Well, I had intended to smoke another pork shoulder this weekend but forgot to take it out of the freezer in time (forgot how long 9 lbs takes to thaw) but I had a couple packages of burger so I thought I'd see what I could do with them.

First one was bacon cheese burger fatty, I stuffed it with some medium cheddar and chopped onions then sprinkled it with a bunch of McCormick Grill Mates Texas Smokehouse Burger Seasoning.  This was also my first bacon weave.  The bacon was a bit uneven and seemed rather loose to start but shrunk down while cooking.  

Second was a pizza fatty, stuffed with pizza sauce, pepperoni, mushrooms, onions, and provolone.  Unfortunately after the first bacon weave I only had 2 slices left so I had to leave this one naked.

I put them both in my MES 40 at 245 with my AMNPS burning Pitmaster's Choice for about 4 hours (165 internal temp).   The pizza fatty was done about half an hour before the bacon cheese burger.  I'm not sure if that was due to positioning (both were on the top rack, pizza in front), the bacon, or difference in stuffing.

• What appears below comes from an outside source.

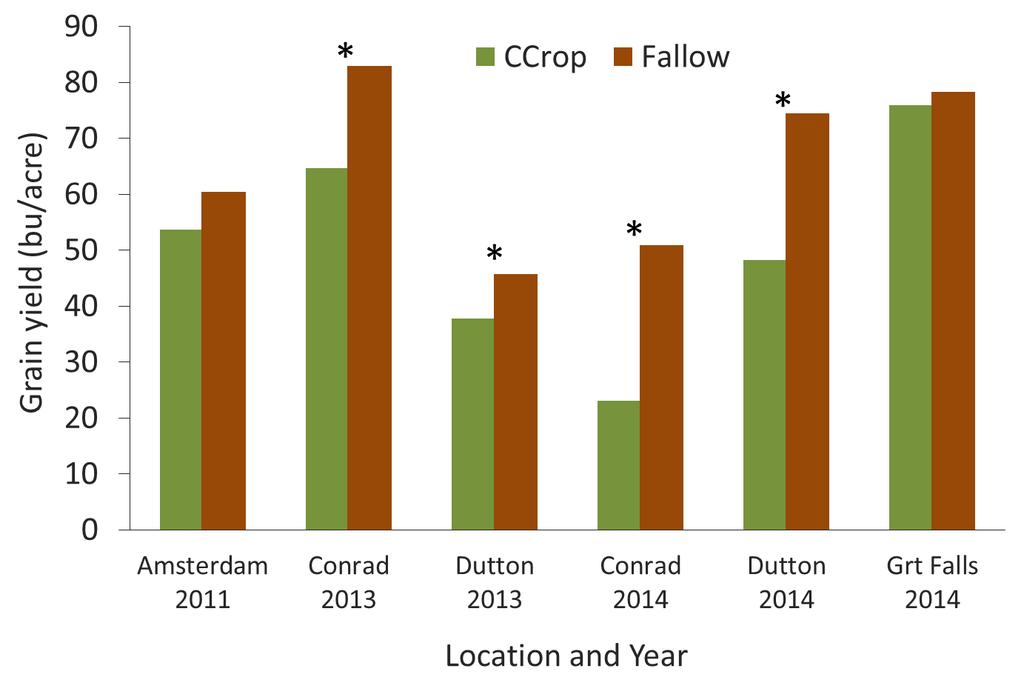 Cover Crop Cocktail Farm Study: 1 rotation of mixed CC reduced grain yield in 4 of 6 production years * Signif difference with 90%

Of course, I'm not use to taking pictures so I forgot to get any prep pictures.

Well, here is the pizza one. It didn't seal properly, I think I over stuffed it.








and cut open







and the bacon cheese burger fatty;







also cut







When I pulled the temperature probe out of the bacon cheese burger fatty I had a tinny cheese volcano for a bit there.

If I had planned better I would have made the pizza one with some Italian sausage I made a while back.  Still, they were quite good and I'll definitely make more in the future.


----------



## eman (May 8, 2012)

Those fattys look quite good. I bet a good thick slice of the bacon cheeseburger one would make a great sammich.


----------



## smokinhusker (May 8, 2012)

Those look pretty good and make great sammies!


----------



## jrod62 (May 8, 2012)

Fatties looks great .
great job on bacon weave.
I love pizza fatties.
 I wrap mine in pizza dough right before its done.
Put some garlic/butter across the dough .Thumbs Up


----------



## jp61 (May 8, 2012)




----------



## so ms smoker (May 8, 2012)

Nice looking fatties. hard to go wrong there!

Mike


----------



## greenrn (May 8, 2012)

Both fatties look delicious. I can't wait to make one. :439:


----------



## cricky101 (May 9, 2012)

eman said:


> Those fattys look quite good. I bet a good thick slice of the bacon cheeseburger one would make a great sammich.


My girlfriend and I did that with some nice hamburger buns. Tasted great!


----------



## rdknb (May 9, 2012)

They both look good, I would love a slice of the cheeseburger one


----------



## 33roosters (May 26, 2012)

Looks great, iam going to try one myself tomorrow, first time. good job


----------



## leosmith78 (Dec 28, 2012)

Just when I thought that a fattie couldn't get any better, I make one using Kroger brand all beef breakfast sausage...it is DELIGHTFUL!!


----------